[Stored entries]
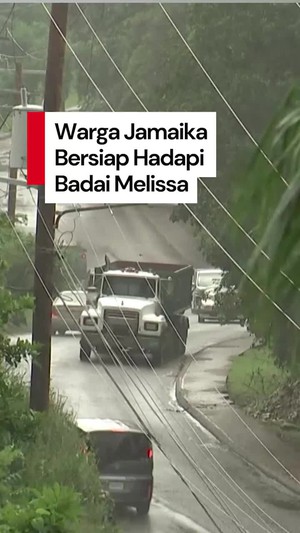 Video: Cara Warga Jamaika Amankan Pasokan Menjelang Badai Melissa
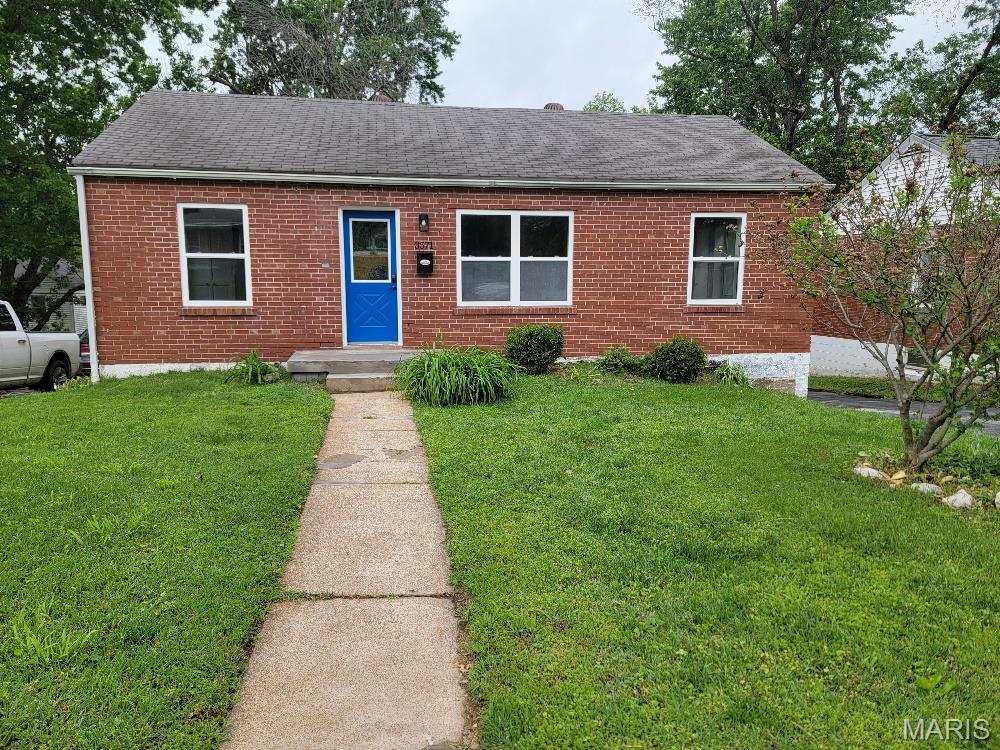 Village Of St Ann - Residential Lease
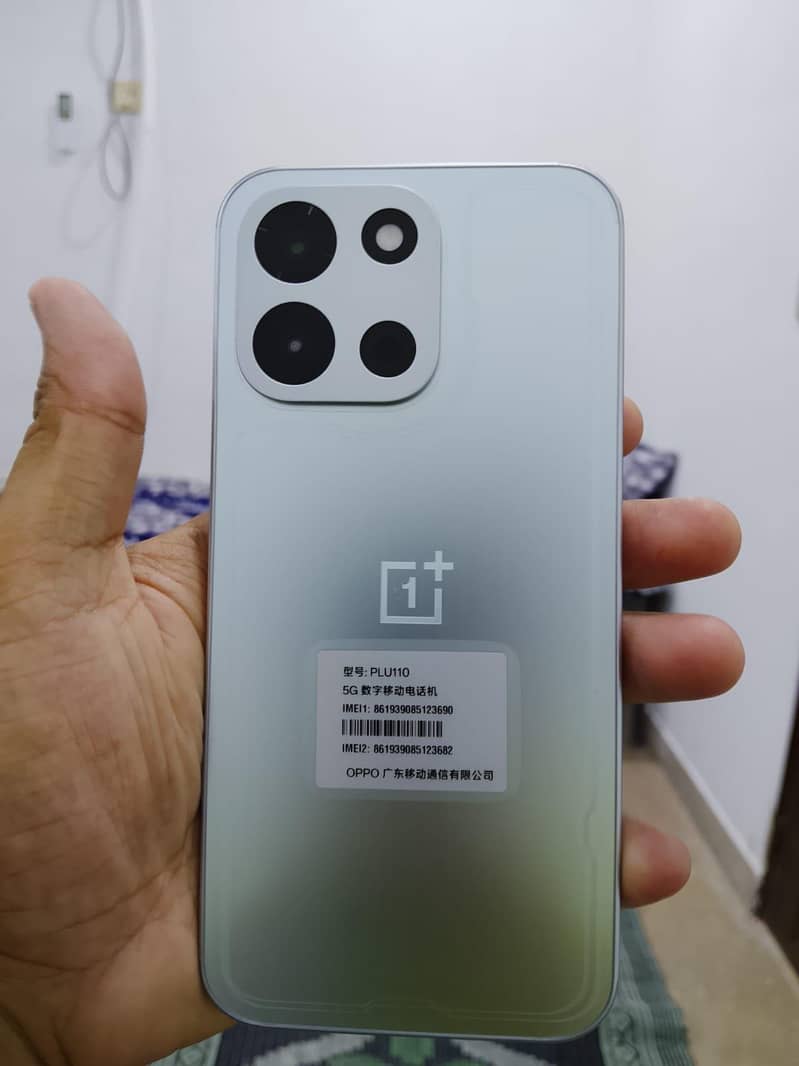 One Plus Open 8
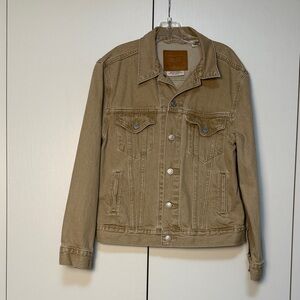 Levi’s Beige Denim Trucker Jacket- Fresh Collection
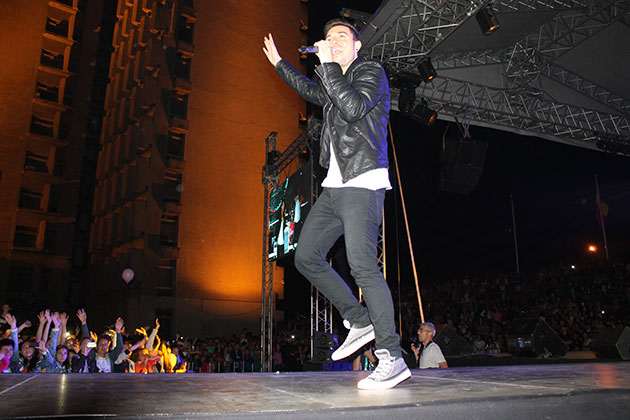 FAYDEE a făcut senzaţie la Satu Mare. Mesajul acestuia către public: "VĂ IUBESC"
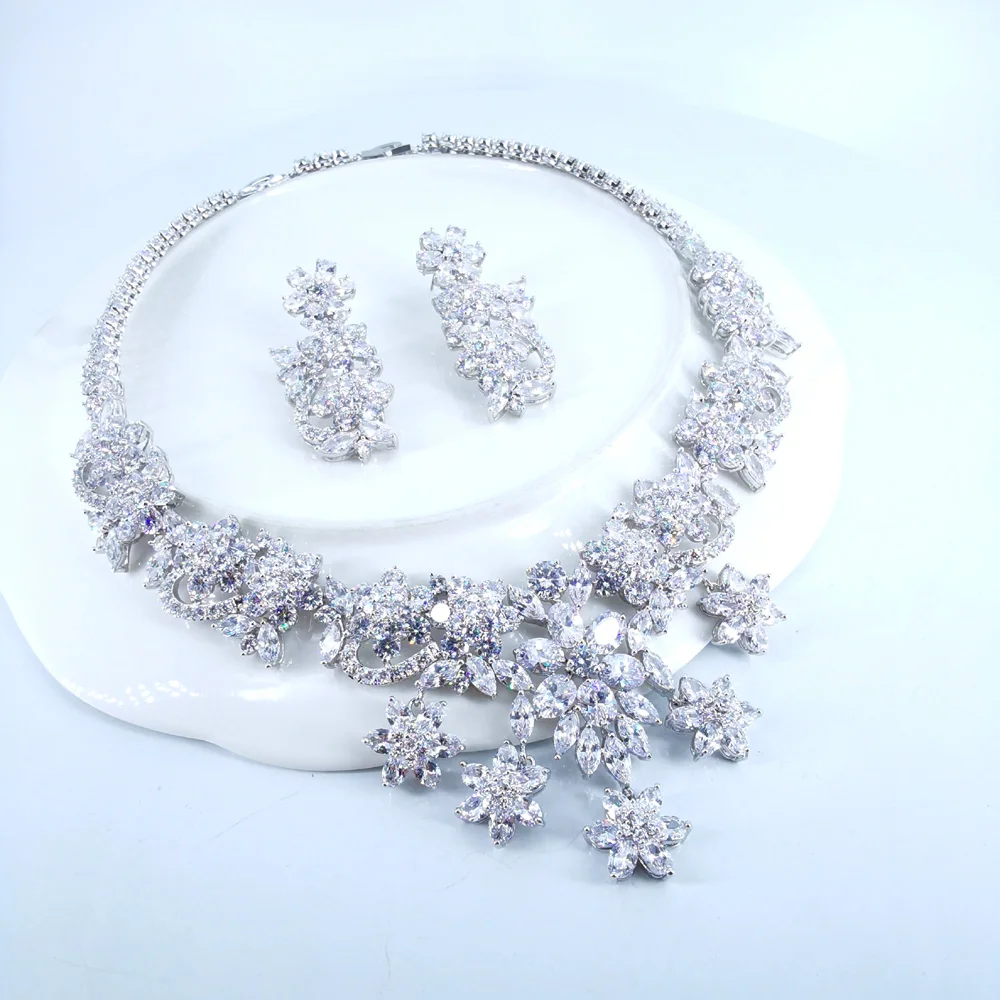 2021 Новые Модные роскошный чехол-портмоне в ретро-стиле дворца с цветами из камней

→ Prompt:
Leave out the pictures and retype the rest of the entries exactly.

→ Output:
 Video: Cara Warga Jamaika Amankan Pasokan Menjelang Badai Melissa
 Village Of St Ann - Residential Lease
 One Plus Open 8
 Levi’s Beige Denim Trucker Jacket- Fresh Collection
 FAYDEE a făcut senzaţie la Satu Mare. Mesajul acestuia către public: "VĂ IUBESC"
 2021 Новые Модные роскошный чехол-портмоне в ретро-стиле дворца с цветами из камней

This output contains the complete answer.